Task objective | Transcribe word for word the section of the records below that opens with the line containing "Cursed Energy Clash" and closes with the line containing "Kit Com 5 Novelos"; drop every picture.

Data excerpts |
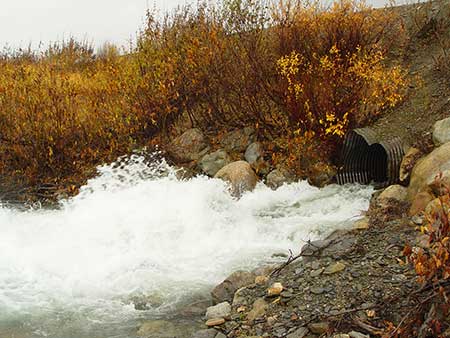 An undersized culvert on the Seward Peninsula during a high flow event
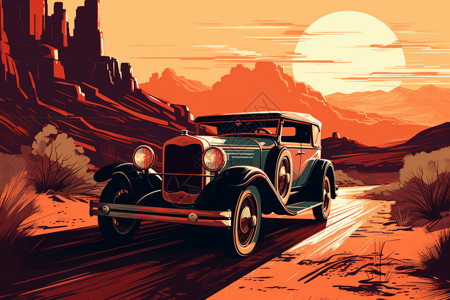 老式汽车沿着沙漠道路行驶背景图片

* * *

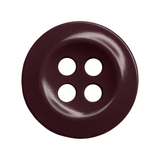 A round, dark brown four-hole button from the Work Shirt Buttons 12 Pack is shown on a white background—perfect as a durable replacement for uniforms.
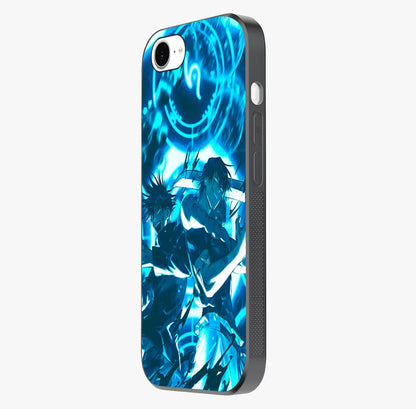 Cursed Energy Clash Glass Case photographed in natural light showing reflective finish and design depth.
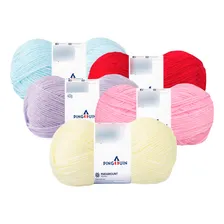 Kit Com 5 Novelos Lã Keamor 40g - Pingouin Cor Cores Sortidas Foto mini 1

Your solution |
 Cursed Energy Clash Glass Case photographed in natural light showing reflective finish and design depth.
 Kit Com 5 Novelos Lã Keamor 40g - Pingouin Cor Cores Sortidas Foto mini 1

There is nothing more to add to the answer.